This time tomorrow you'll likely be getting the last pieces of your dinner together.

From prepping the turkey to getting all your veggies perfect, for the chef of the house, the annual Christmas dinner can be a time of stress and pressure.

And even celebrity chef, Oxfordshire's Dame Prue Leith, agrees it can be a draining experience.

Speaking from her home, dressed in her distinctive colourful contemporary style, she said: "Normally I would be in Oxfordshire for Christmas, but this year I'm going to my son's in London.

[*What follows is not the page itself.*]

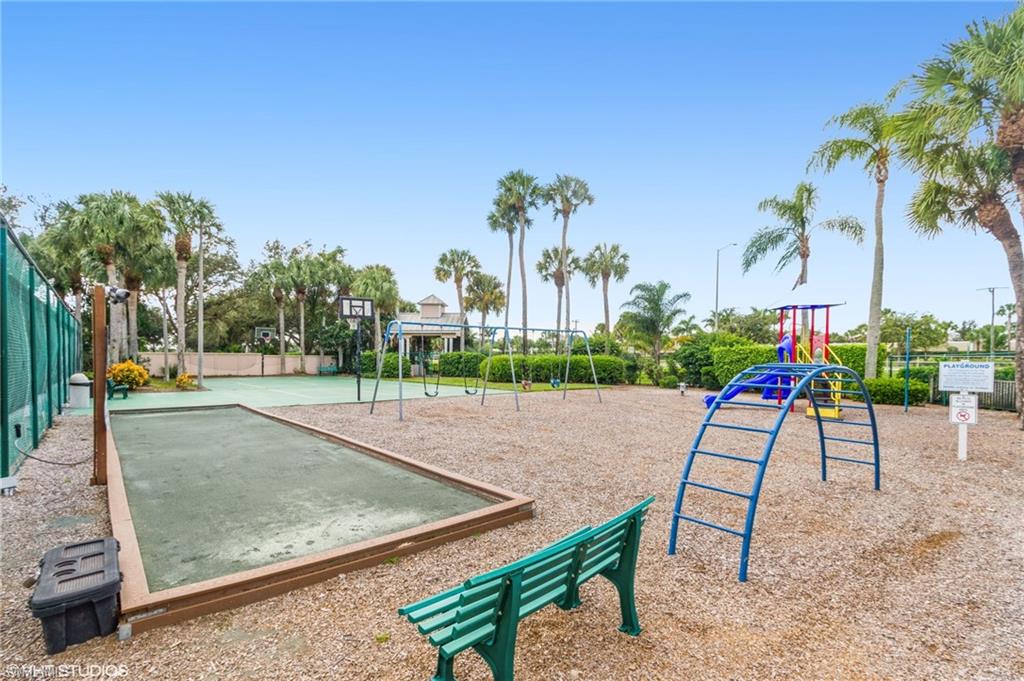 LAKESIDE CARRIAGE HOMES - Residential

"I am doing the cooking but only Christmas Day. The thing about Christmas – people find it absolutely exhausting and stressful – but that's because you’ve usually got more to worry about than just Christmas dinner which is after all just a roast and steamed pudding.

"What’s stressful is getting the house ready, getting all the rooms decorated, getting all the shopping done and all the food for the rest of the time and planning all of that.

"This time I’m arriving with all the prep done. I’ll have the roast turkey all ready to go in the oven.

"I’ll have the sprouts made into a puree and lots of garlic and cream and that will just need to go in the microwave."

And Dame Prue, who built her career around food, first as a restaurateur and chef and later as a judge on Great British Menu, before moving to The Great British Bake Off, said: "More often that not we have turkey but I have had all sorts of things. 

"One year everyone said they didn’t want turkey and we had Chinese pancakes which were really delicious.

"The children were little and they liked the fact they could fill up their pancakes with bits of duck.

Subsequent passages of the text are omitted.